By Kevin G. Hall, McClatchy Washington Bureau (TNS)
WASHINGTON — President Barack Obama’s executive order on immigration will allow people who’ve been working in the country without documents to retroactively file tax returns for the past three years and collectively get about $1.7 billion in refundable tax credits over ten years.
It’s a little known consequence of the executive order on immigration announced shortly before Thanksgiving, and whose implementation is presently held up in the courts.
Republican lawmakers are scrambling to pass legislation that would limit the ability of the workers to file tax returns for years before their immigration status changed under the executive order and qualify for a tax refund that on average for other taxpayers has been about $2,300 per person.
Under Obama’s executive order, eligible workers would be given Social Security numbers, and that would allow them to work legally while the order is in effect. They could file a 1040 tax return, or amended returns for three years previous — the statute of limitations for amending a tax return — and potentially qualify for the refundable Earned Income Tax Credit.
“Those who were working illegally in the United States shouldn’t be rewarded for doing so,” Senator Charles Grassley (R-IA) said in a statement to McClatchy. “That would have the effect of allowing retroactive benefits. My proposal would prohibit those granted deferred action from claiming the EITC for any year they were working without authorization in the United States.”
McClatchy obtained an estimate by the congressional Joint Committee on Taxation, done for Grassley and Senate Finance Committee Chairman Orrin Hatch (R-UT). It shows the additional EITC refunds under the program could cost taxpayers $1.7 billion over 10 years, almost all of it in the first five years.
Obama’s immigration order overall is actually expected to bring in almost $20 billion in new revenue over a ten-year period after implementation, according to the nonpartisan Congressional Budget Office. That’s because new immigrants would be paying into Social Security and having taxes withheld from paychecks.
Repealing the order would add to projected deficits. But allowing previously undocumented workers to quickly collect a government check for a time when they weren’t here legally is hardly a good optic for Obama and Democrats.
The Earned Income Tax Credit was created to help move individuals off of welfare rolls and into employment. It provides a tax benefit to low-income earners based on what they actually earn. It is “refundable,” meaning workers who have no federal income tax liabilities get the balance of the credit in a check from the government.
Allowing the new immigrants to apply retroactively for the EITC is similar to green card holders being able to seek the credit when they get a Social Security number, as is the case now.
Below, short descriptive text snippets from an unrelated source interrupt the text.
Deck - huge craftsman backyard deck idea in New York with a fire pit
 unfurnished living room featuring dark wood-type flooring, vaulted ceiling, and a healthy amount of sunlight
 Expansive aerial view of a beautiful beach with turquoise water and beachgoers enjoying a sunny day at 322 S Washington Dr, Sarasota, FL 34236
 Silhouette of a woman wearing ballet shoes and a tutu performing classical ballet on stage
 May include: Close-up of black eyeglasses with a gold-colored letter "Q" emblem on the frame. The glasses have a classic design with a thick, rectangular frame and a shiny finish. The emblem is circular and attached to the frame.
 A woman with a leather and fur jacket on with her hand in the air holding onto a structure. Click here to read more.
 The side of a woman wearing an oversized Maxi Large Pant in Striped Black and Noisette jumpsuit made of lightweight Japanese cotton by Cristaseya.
The Internal Revenue Service recently reviewed guidance dating to 2000 and upheld that the determining factor on getting the Earned Income Tax Credit refund is a Social Security number, not immigration status.
“The rationale is, if you were in the country and there is some process in which you become legal, we want to go ahead and treat you as if you were legal the whole time,” said Elaine Magg, a senior research associate for the nonpartisan Tax Policy Center, jointly run by the centrist Urban Institute and center-left Brookings Institution.
What Republicans blast as “amnesty bonuses” are also akin to what political refugees can now do under tax law — amend previous tax returns once their immigration status has changed.
But Grassley maintains Congress explicitly closed this avenue to undocumented workers in 1996 and argues that this is being ignored by the IRS.
“If we want these folks to be citizens then we give them Social Security numbers, and they are subject to the same tax laws others are subject to, and in some cases that will mean they will get the refundable credit,” said Maag, calling the issue easily fixable if Congress wants to restrict the ability to retroactively claim the tax breaks afforded in Obama’s executive order.
Bills already have been introduced in the House of Representatives and the Senate to do just that.
Undocumented workers presumably have been working off the books or with falsified documents. They will have to present proof that they were paid or were self-employed over the previous three years. If they were using a false taxpayer ID number, they could now amend returns for the past three years and plug in their new Social Security number.
The IRS could audit these returns to guard against fraud, but because the tax returns involve very low income levels, the IRS would not get much bang for the buck with such audits.
The Joint Committee on Taxation estimate is based on a model of expected behavior and not past actions, given that there hasn’t been a similar situation on which to build a best guess. It also does not estimate how many of the undocumented immigrants might have changed to legal status anyway through marriage or other avenues.